=== Begin Enclosure ===

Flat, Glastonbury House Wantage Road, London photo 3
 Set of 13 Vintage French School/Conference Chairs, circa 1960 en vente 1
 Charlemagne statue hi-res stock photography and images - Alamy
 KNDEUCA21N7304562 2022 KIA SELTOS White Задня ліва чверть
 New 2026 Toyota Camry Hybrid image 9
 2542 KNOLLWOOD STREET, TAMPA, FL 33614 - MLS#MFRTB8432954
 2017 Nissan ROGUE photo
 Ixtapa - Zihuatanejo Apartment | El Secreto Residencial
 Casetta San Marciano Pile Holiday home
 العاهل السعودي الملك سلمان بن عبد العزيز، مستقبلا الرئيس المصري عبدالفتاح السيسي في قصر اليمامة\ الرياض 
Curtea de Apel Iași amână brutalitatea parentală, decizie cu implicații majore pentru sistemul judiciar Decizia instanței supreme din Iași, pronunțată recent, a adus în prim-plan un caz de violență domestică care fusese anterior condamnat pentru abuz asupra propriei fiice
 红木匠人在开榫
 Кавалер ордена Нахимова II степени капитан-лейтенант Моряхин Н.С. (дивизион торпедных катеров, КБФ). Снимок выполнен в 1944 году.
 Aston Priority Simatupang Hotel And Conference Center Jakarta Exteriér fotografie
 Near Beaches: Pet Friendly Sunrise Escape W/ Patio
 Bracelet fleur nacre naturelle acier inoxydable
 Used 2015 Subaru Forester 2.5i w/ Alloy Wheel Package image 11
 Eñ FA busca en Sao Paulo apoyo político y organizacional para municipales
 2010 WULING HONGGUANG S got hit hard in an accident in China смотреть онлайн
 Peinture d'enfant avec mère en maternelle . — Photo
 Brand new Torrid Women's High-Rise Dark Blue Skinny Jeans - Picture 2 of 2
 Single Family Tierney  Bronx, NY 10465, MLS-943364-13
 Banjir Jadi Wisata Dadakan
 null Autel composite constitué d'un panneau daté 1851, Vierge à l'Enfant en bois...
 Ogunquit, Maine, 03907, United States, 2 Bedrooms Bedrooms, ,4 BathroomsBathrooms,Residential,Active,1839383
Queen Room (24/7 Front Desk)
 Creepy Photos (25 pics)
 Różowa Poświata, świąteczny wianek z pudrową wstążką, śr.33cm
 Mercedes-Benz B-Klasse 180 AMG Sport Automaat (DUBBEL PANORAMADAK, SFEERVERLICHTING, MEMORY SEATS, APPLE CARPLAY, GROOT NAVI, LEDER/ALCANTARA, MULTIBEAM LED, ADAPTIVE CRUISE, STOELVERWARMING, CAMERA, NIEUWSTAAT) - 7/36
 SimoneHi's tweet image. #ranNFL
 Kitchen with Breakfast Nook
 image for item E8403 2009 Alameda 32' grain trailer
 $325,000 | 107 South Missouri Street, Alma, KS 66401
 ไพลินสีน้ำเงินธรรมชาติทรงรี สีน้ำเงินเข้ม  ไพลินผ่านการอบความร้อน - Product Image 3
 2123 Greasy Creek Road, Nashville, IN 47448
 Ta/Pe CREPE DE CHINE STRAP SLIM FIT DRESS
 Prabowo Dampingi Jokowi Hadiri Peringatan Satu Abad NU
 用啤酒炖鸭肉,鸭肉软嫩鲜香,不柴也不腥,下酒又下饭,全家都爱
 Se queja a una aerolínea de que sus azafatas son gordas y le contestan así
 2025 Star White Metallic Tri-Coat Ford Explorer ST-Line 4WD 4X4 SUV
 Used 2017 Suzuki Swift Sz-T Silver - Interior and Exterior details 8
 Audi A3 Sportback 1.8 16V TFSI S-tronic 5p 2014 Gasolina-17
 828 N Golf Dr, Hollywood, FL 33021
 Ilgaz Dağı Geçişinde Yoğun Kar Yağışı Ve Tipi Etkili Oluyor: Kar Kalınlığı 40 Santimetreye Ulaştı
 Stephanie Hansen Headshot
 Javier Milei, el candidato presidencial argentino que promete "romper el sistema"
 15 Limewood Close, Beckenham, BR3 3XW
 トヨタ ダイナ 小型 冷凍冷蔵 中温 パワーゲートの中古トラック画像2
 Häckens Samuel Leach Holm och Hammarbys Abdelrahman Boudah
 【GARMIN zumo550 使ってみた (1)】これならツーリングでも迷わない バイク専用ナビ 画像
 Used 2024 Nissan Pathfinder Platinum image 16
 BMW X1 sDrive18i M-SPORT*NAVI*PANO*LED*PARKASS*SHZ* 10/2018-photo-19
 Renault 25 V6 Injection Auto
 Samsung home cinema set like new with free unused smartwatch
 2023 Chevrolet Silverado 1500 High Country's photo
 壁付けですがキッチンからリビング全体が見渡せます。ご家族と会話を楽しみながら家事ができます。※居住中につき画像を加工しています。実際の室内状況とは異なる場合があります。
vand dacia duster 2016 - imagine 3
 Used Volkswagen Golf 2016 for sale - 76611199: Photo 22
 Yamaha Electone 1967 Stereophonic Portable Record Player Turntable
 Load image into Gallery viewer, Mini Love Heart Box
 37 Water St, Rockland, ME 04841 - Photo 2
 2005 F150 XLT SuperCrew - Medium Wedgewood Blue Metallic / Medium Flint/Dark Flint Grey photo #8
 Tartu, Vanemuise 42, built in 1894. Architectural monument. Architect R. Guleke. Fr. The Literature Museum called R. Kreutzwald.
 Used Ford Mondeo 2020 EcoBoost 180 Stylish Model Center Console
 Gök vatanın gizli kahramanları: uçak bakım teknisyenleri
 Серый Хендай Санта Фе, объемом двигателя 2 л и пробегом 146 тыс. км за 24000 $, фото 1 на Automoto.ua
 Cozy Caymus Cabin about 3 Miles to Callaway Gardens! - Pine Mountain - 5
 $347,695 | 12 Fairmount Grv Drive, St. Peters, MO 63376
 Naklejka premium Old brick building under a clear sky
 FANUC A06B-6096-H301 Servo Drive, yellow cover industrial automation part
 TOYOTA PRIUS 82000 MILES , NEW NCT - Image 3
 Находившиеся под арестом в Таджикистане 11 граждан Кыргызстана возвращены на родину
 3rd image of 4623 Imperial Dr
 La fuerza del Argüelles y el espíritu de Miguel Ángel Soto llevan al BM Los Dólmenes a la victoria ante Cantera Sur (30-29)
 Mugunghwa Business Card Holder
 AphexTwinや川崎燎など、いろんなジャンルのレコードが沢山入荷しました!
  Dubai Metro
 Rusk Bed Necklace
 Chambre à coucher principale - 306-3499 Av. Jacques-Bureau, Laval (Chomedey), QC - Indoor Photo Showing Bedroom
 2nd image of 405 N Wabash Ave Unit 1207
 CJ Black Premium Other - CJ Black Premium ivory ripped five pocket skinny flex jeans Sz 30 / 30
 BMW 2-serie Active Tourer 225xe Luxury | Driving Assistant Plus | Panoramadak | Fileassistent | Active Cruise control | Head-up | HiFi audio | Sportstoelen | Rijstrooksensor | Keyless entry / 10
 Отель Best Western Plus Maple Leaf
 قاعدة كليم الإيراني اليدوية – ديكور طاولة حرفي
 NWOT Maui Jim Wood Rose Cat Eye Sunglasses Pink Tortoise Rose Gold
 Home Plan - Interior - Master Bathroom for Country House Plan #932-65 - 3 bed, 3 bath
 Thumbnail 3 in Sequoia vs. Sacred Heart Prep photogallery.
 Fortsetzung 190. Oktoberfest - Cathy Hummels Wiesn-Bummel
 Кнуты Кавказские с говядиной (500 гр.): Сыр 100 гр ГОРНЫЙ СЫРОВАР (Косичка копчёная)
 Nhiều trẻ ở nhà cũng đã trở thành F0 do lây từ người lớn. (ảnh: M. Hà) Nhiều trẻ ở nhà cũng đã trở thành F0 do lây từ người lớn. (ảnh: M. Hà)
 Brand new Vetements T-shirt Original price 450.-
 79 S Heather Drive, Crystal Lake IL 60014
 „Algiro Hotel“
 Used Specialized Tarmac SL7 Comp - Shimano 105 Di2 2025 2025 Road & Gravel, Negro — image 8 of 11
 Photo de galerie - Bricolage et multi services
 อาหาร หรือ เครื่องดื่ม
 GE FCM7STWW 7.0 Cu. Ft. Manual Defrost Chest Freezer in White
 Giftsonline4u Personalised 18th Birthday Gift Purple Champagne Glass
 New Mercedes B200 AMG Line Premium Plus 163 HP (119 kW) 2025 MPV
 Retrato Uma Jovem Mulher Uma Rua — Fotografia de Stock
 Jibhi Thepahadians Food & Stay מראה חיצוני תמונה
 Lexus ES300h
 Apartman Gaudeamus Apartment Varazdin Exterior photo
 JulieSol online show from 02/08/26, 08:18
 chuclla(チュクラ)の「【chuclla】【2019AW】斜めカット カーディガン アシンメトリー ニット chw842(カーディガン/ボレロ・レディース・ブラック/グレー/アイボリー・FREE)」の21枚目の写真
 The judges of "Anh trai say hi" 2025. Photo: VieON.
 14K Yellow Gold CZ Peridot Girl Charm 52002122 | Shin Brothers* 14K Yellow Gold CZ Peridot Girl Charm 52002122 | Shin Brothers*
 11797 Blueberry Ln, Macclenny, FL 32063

=== End Enclosure ===

» **Exercise directions**: All that should be written out is the stretch of lines above between the one holding "Fortsetzung 190. Oktoberfest" and the one holding "Shin Brothers* 14K", inclusive, exactly as given.

» **Exercise result**:
 Fortsetzung 190. Oktoberfest - Cathy Hummels Wiesn-Bummel
 Кнуты Кавказские с говядиной (500 гр.): Сыр 100 гр ГОРНЫЙ СЫРОВАР (Косичка копчёная)
 Nhiều trẻ ở nhà cũng đã trở thành F0 do lây từ người lớn. (ảnh: M. Hà) Nhiều trẻ ở nhà cũng đã trở thành F0 do lây từ người lớn. (ảnh: M. Hà)
 Brand new Vetements T-shirt Original price 450.-
 79 S Heather Drive, Crystal Lake IL 60014
 „Algiro Hotel“
 Used Specialized Tarmac SL7 Comp - Shimano 105 Di2 2025 2025 Road & Gravel, Negro — image 8 of 11
 Photo de galerie - Bricolage et multi services
 อาหาร หรือ เครื่องดื่ม
 GE FCM7STWW 7.0 Cu. Ft. Manual Defrost Chest Freezer in White
 Giftsonline4u Personalised 18th Birthday Gift Purple Champagne Glass
 New Mercedes B200 AMG Line Premium Plus 163 HP (119 kW) 2025 MPV
 Retrato Uma Jovem Mulher Uma Rua — Fotografia de Stock
 Jibhi Thepahadians Food & Stay מראה חיצוני תמונה
 Lexus ES300h
 Apartman Gaudeamus Apartment Varazdin Exterior photo
 JulieSol online show from 02/08/26, 08:18
 chuclla(チュクラ)の「【chuclla】【2019AW】斜めカット カーディガン アシンメトリー ニット chw842(カーディガン/ボレロ・レディース・ブラック/グレー/アイボリー・FREE)」の21枚目の写真
 The judges of "Anh trai say hi" 2025. Photo: VieON.
 14K Yellow Gold CZ Peridot Girl Charm 52002122 | Shin Brothers* 14K Yellow Gold CZ Peridot Girl Charm 52002122 | Shin Brothers*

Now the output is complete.